上司から「折り返しの電話」をもらっていませんか?

2024.10.09更新

 

「折り返しの電話」を上司にお願いして、逆鱗(げきりん)に触れたサラリーマンは多い。なぜ上司から「折り返しの電話」をもらってはいけないのか?

実際のケースを再現して、考えてみよう。

 

あなたは用件があって部長に電話をする。

あなたは出先の営業店で働いているが、部長は違う場所にあるオフィスにいるからだ。

 

電話すると、部長の秘書のような女性が出て「部長は電話中です。折り返し電話をさせましょうか」ときく。

「それではお願いします」と言い、電話を切る。

 

しばらくして、部長から折り返しの電話が入る。

 

あなたは「それで、どこか問題なの?」と思っているかもしれないが、このパターンが問題なのだ。

 

しかし、あなたからの伝言を、秘書の女性がメモにして部長に渡した場合のことを考えると、問題がクローズアップしてくる。

 

メモは3パターンある。

①「〇〇営業所の✕✕さんから電話がありました。」

②「〇〇営業所の✕✕さんが電話をいただきたいとのことです」

(本件の場合がこれに該当する)

③「○○営業所の✕✕さんから伝言がありました。
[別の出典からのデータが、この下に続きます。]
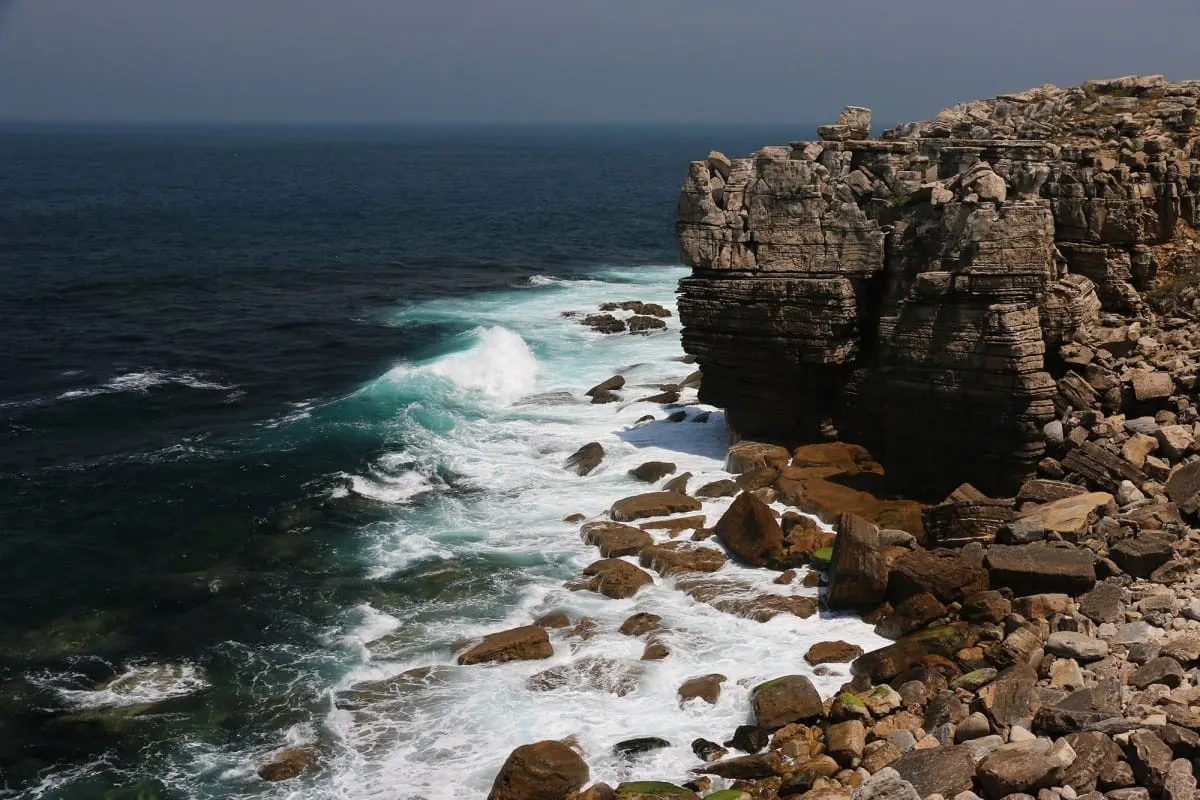 Layered limestone cliffs and boulders battered by Atlantic surf at Peniche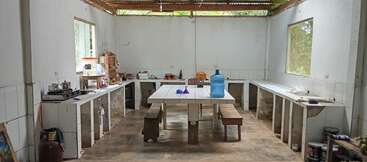 Essa é uma cozinha simples com armários abertos, uma mesa grande com bancos, um bebedouro, janelas, vários utensílios e itens básicos de cozinha à vista.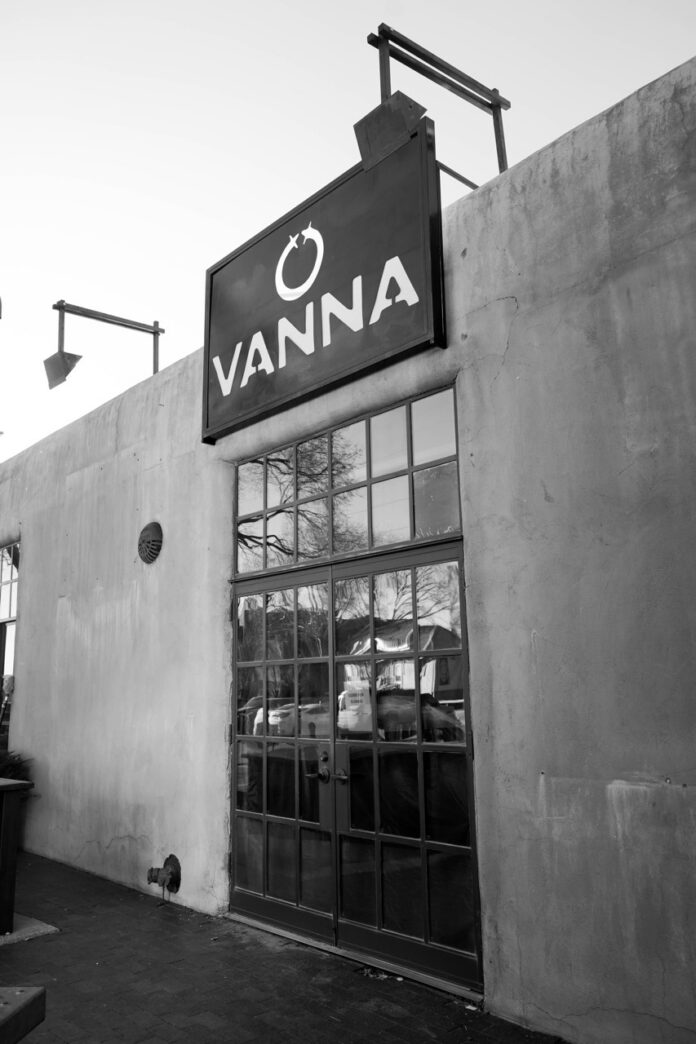 The outside of Vanna Curated Living with a big sign above the door.
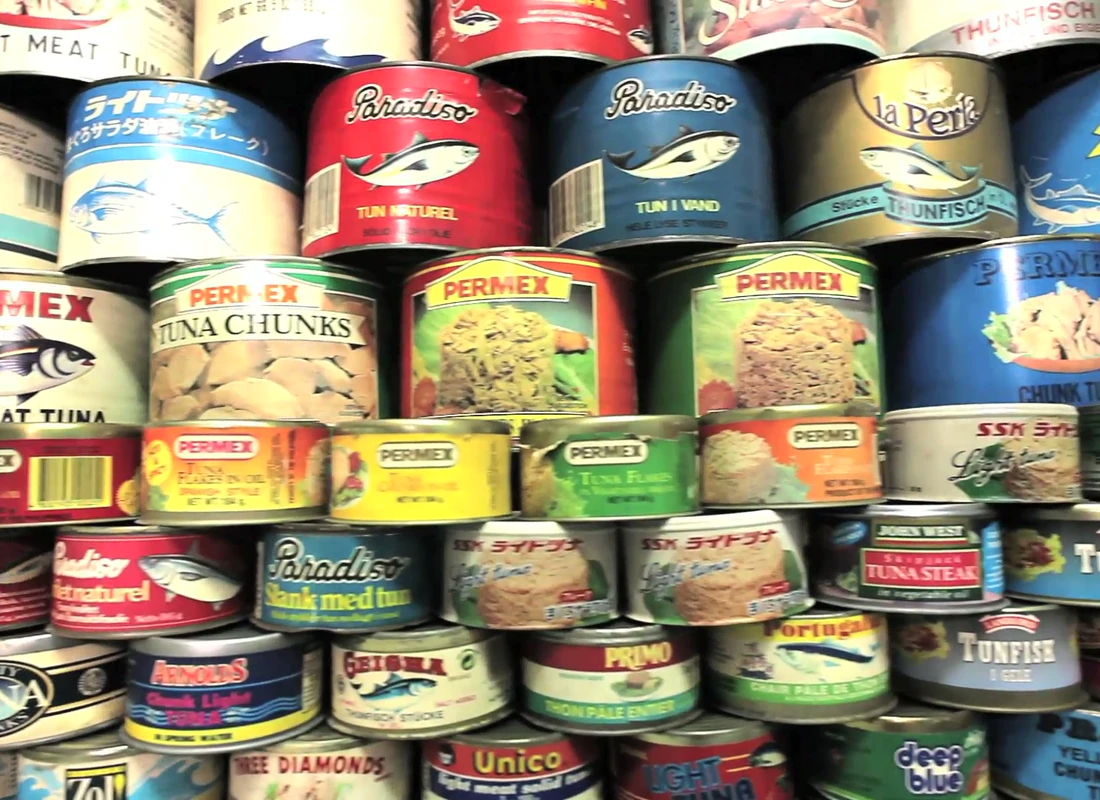 Still from Permex AVP 2015 A display of Permex and export-market canned tuna packaging, from the 2015 company film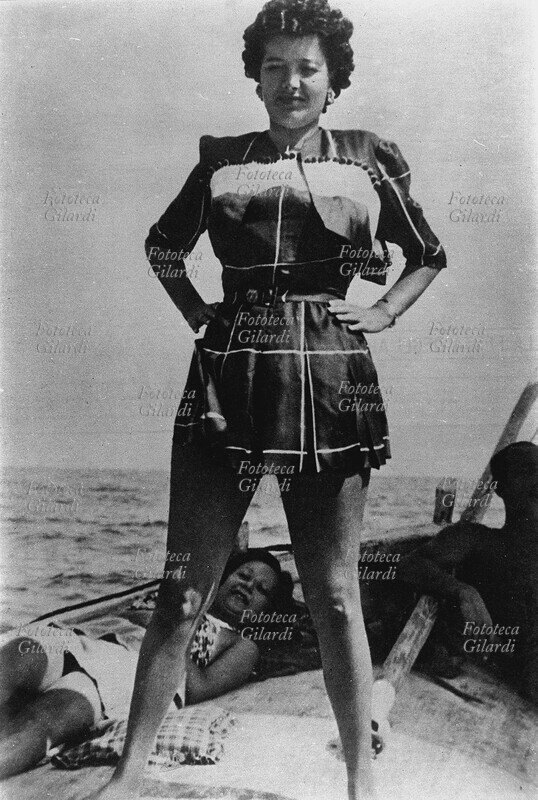 Claretta PETACCI (February 28, 1912 – April 28, 1945) in costume, on a boat, in Riccione. Italy, 1938.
また電話するそうです」

 

 

 

どうだろうか? あなたが部長の立場になって考えてもらいたい。

 

②のメモを見たとき、部長は「何があったんだ?」と思うのではないか。

 

それが、電話をしてみたら「この前の件ですが………」などと言われたら、むっとするのではないだろうか。

 

「電話をくれ」という伝言は、上の人が下の人に言う言葉なのだ。

 

そんなことを言うと、「ナンセンスだ!」と言う人がいるかもしれないが、組織とはそういうものだ。

これが上下関係の礼儀でもある。

 

 

実際、私はサラリーマン生活の中で、何度も、上司に「電話をくれ」と言った人が上司にキレられたという話を聞いた。

 

「電話をくれ」と言われた上司は、「おまえとおれ、どっちが上なんだ」と言ったという。

 

きっと、「上司に電話をくれ」と言った人は、一回や二回ではなく上司が電話中のたびにそう言ったのだと思う。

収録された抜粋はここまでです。